The classic explanation of Deep Learning networks is that each layer creates a different layer that is translated by a layer above it. A discrete translation from one continuous representation to another one.
The learning mechanism begins from the top layers and propagates errors downward, in the process modifying the parts of the translation that has the greatest effect on the error.
Unlike an system that is engineered, the modularity of each layer is not defined but rather learned in a way that one would otherwise label as haphazard. If bees could design translation systems, then they would do it like deep learning networks
The designs of a single mind will look very different from the designs created by thousands of minds. In software engineering, the modularity of our software refect how we organize ourselves. Designs in nature are reflections of designs of thousands of minds.

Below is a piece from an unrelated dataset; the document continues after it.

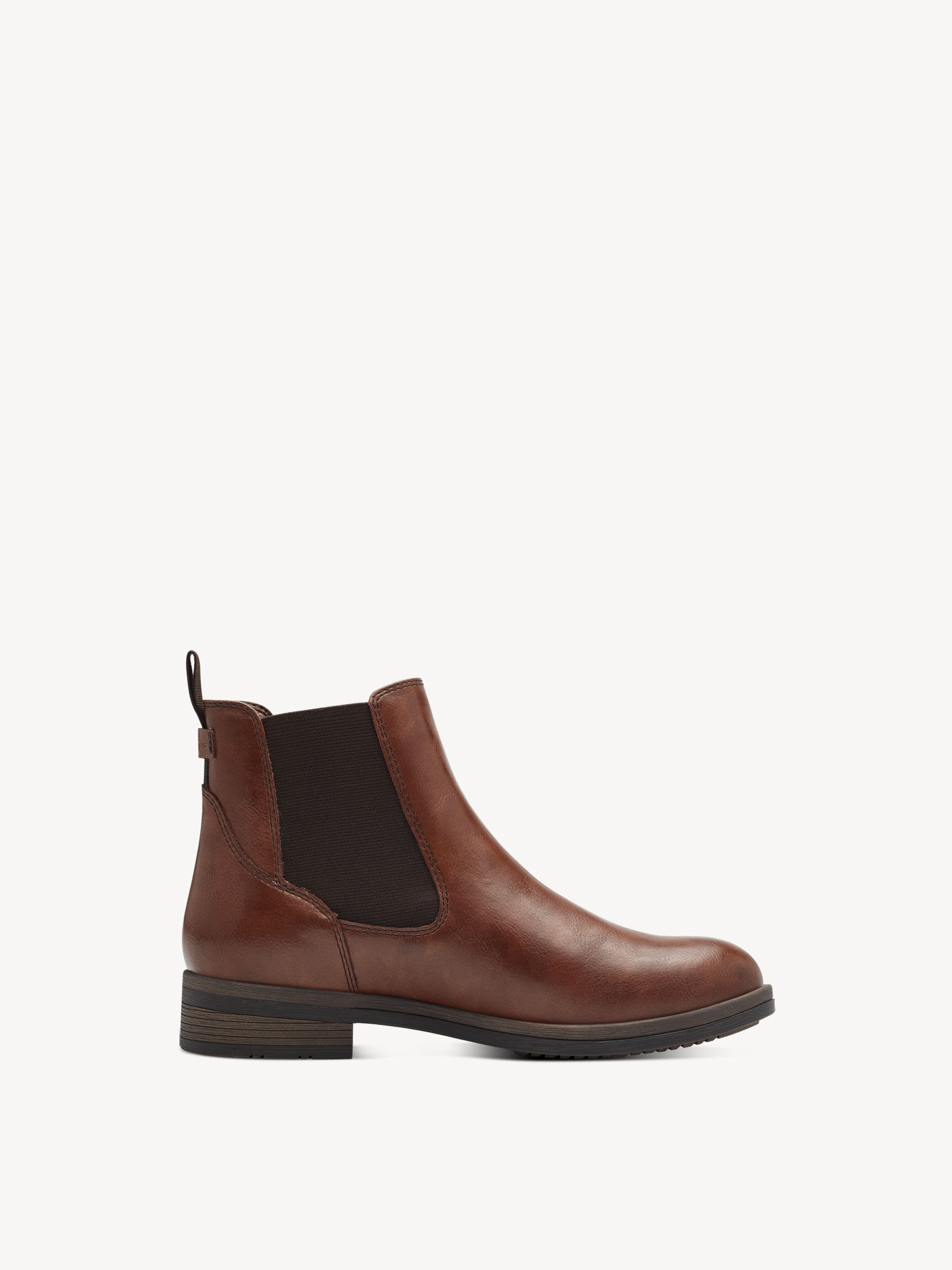Bottine Chelsea - marron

To drive greater modularity and thus efficiencies, minds must coordinate. Deep Learning works because the coordination is top-down. Error is doled down the network in a manner proportional to a node's influence.
In swarms of minds, the coordination mechanism is also top-down in a shared understanding among its constituents. Ants are able to build massive structures because they are driven by shared goals that have been tuned through millions of years of evolution.
Societies are coordinated through shared goals that are communicated while growing up in society and through our language. There are overarching constraints that drive our behavior that we are so habitually familiar with that we fail to recognize it.
As C.S. Peirce has explained, possibilities lead to habits. Habits lead to coordination and thus a new emergence of possibilities. Emergence is the translation of one set of habits into another emergent set of habits.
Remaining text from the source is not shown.